Immunofluorescence microscopy of human fibroblasts bound to HCoV-229E. Optical sections obtained by laser confocal scanning microscopy were stacked. The cells were treated with HCoV-229E on ice and incubated at 37°C for 0 h (a to c and m to o), 1 h (d to f), or 3 h (g to l and p to r). After fixation, the cells were labeled with an anti-HCoV-229E or anti-CD13 antibody in combination with an anti-caveolin-1 antibody. Labeling for caveolin-1 was always seen as patches (b, e, h, k, n, and q). Labeling for HCoV-229E was seen as randomly distributed dots in cells kept on ice (a); after 1 h of incubation at 37°C, HCoV-229E showed some linear alignment, and colocalization of HCoV-229E and caveolin-1 was seen occasionally (d to f; arrows); and after 3 h at 37°C, the colocalization of HCoV-229E and caveolin-1 became prominent (g to l; arrows). The colocalization of HCoV-229E and caveolin-1 in small clusters was often observed (g to i; arrowheads). Labeling for CD13 was seen as randomly distributed dots at 0 h (m) but showed extensive colocalization with caveolin-1 after 3 h of incubation at 37°C (p to r; arrows). Bar = 50 μm.
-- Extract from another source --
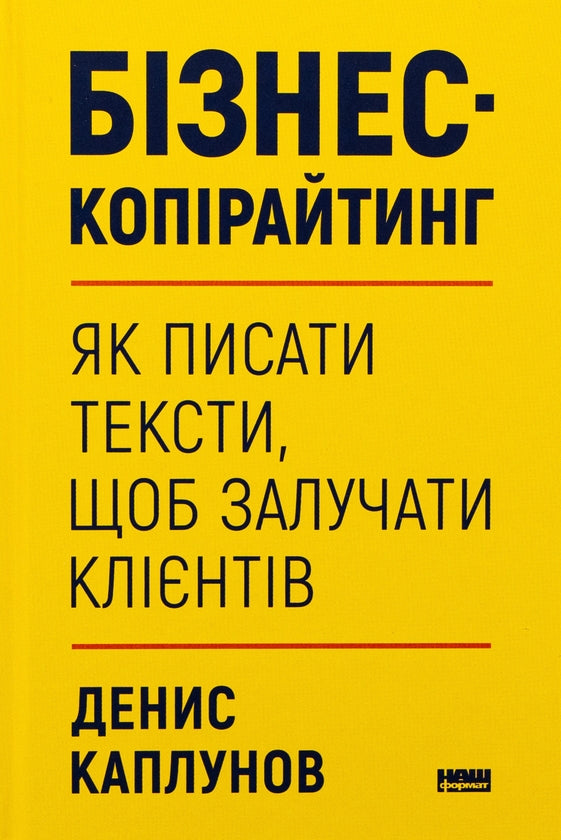 Бізнес-копірайтинг. Як писати тексти, щоб залучати клієнтів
Effect of MβCD on binding and redistribution of HCoV-229E. The cells were bound to HCoV-229E on ice after being preincubated with nothing, with MβCD alone, or sequentially with MβCD and then an MβCD-cholesterol complex (cholesterol). (A) Western blot analysis with anti-HCoV-229E antiserum. Fifty-kilodalton bands were observed in all samples of cells bound to HCoV-229E (lanes 1 to 3) but were not detected without the virus treatment (lanes 4 to 6). (B) Degree of colocalization of HCoV-229E and caveolin-1. The ratio of colocalization after 3 h of incubation at 37°C was 23.8% for the control, whereas it was significantly lower for cells treated with MβCD (6.3%). The ratio recovered to the control level when cells treated with MβCD were replenished with cholesterol by the addition of an MβCD-cholesterol complex (22.4%) (Mann-Whitney U test; P < 0.0001). The results are representative of three experiments.

Effect of caveolin-1 knockdown on binding and intracellular entry of HCoV-229E. The cells were not transfected (−) or were transfected with 80 nM control siRNA (cont) or 5 to 80 nM caveolin-1 siRNA and then were incubated at 37°C for 24 h. Forty-eight hours after subculturing, the cells were bound to HCoV-229E on ice and processed immediately or incubated at 37°C for 48 h. (A) Immunoblotting of total lysates of cells incubated on ice with anti-HCoV-229E, anti-caveolin-1, and anti-G3PDH antibodies. The amounts of the cell lysates were normalized with G3PDH. The amount of caveolin-1 decreased in a dose-dependent manner, and the expression of the HCoV-229E N protein was equivalent in all samples. (B) Immunofluorescence microscopy of cells transfected with 80 nM control siRNA (a to c) and caveolin-1 siRNA (d to f). Cells were bound to HCoV-229E on ice and incubated at 37°C for 48 h. In cells transfected with the caveolin-1 siRNA, labeling for caveolin-1 decreased (e), and the number of cells showing cytoplasmic HCoV-229E labeling was also reduced (d and f). Bar = 50 μm. (C) Proportion of cells showing cytoplasmic labeling of HCoV-229E. The proportion was significantly lower in cells transfected with 5, 20, or 80 nM caveolin-1 siRNA (52.0, 42.8, and 40.1%, respectively) than in nontransfected cells (72.2%) or cells transfected with a control siRNA (73.0%) (chi-square test for independence; P < 0.0001).